Похожие чувства испытывал Бронштейн, когда взошла звезда Михаила Таля. Хотя отношения между ними внешне были вполне дружескими, Бронштейн ревновал Таля к его успехам, эта ревность-зависть была заметна всем, и Таль тоже не мог этого не чувствовать.
«Он был честолюбив, тщеславен, эгоистичен. Затруднительно сказать, чего было больше. К этим чертам еще можно прибавить злопамятность, зависть к славе, мстительность. Он был очень чувствителен к славе и безрассудно ревнив».
Это характеристика Варлама Шаламова, данная одним из его искренних и близких друзей, восхищавшимся его рассказами. Читая ее, я тоже вспомнил о Давиде Бронштейне.
Михаил Ботвинник, отмечая лакуны в игре Таля, признавал, что когда начинается открытая счетная игра, ему нет равных.

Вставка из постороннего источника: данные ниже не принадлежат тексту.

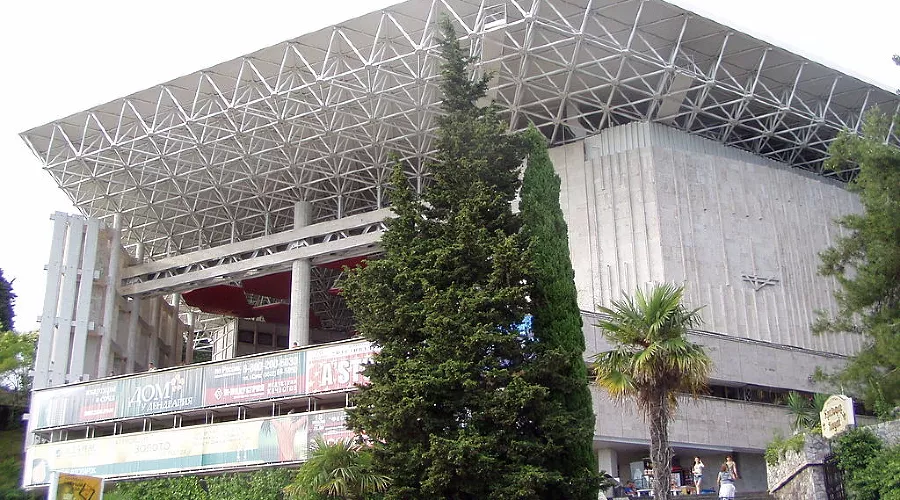 Концертный зал «Фестивальный» в Сочи &copy;&nbsp;Фото с сайта wikimedia.org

Тигран Петросян заметил как-то, что лично знал только одного гения – Таля.
Самые высокие характеристики Талю давал Леонид Штейн, а у Марка Тайманова первоначальный скептицизм по отношению к Мише сменился безграничным восхищением. Такое же чувство к Талю испытывал Сало Флор, немало повидавший на своем веку.
И только Бронштейн говорил, что Таль не производит на него большого впечатления.
Корчной вспоминает, как во время первенства страны в Москве в 1957 году, наблюдая искрометную игру Таля, сокрушавшего одного соперника за другим, Бронштейн говорил: «Ну что Таль, вот он жертвует всё время, жертвует… Он думает, что он первый, кто играет в таком стиле. Посмотрел бы он на мои партии. Или молодого Болеславского. Он думает, что до него так никто не играл…»
Или в другой раз: «У меня очень экономичный стиль игры. Это Таль играл очень сложно, нагромождая варианты, которые в большинстве своем придумывал после партии. Все они нереальные. Таль просто закручивал позицию, нагнетая страх на партнеров».
В конце жизни он скажет: «Сейчас, когда я перебираю свой архив, я удивляюсь, как много писали обо мне газеты. Заголовки статей не отличались разнообразием. Еще до Таля меня называли волшебником и великим маэстро, гением комбинации!»
Внутренний самосуд напрочь отсутствовал у него, имела место быть только едкая горечь и обида на всё и вся. Джойс советовал три средства, чтобы обратить обиду в творчество: молчание, изгнание и хитроумие. Хитроумный Дэвик испробовал изгнание и молчание, но всё равно его творчество последнего периода пронизывают жалобы и обиды.
Никогда он не винил себя, всегда кого-то. Другого, другую, других, выуживая из фантастической памяти своей все новые факты в подтверждение приводимых им аргументов.
В Брюсселе на Кубке ГМА после партии Таля с Торре, закончившейся вничью, я спросил: «Миша, а почему ты так не сыграл? Там разве не лучше было?»
Таль задумался на мгновение. «Знаешь, просто не допёр…» Так никогда не смог бы ответить Давид Бронштейн.
Образ страдальца до сих пор ассоциируется с именем Бронштейна, в отличие от Таля – веселого, бесшабашного гения-гуляки, ни о чем не заботящегося и живущего сегодняшним днем.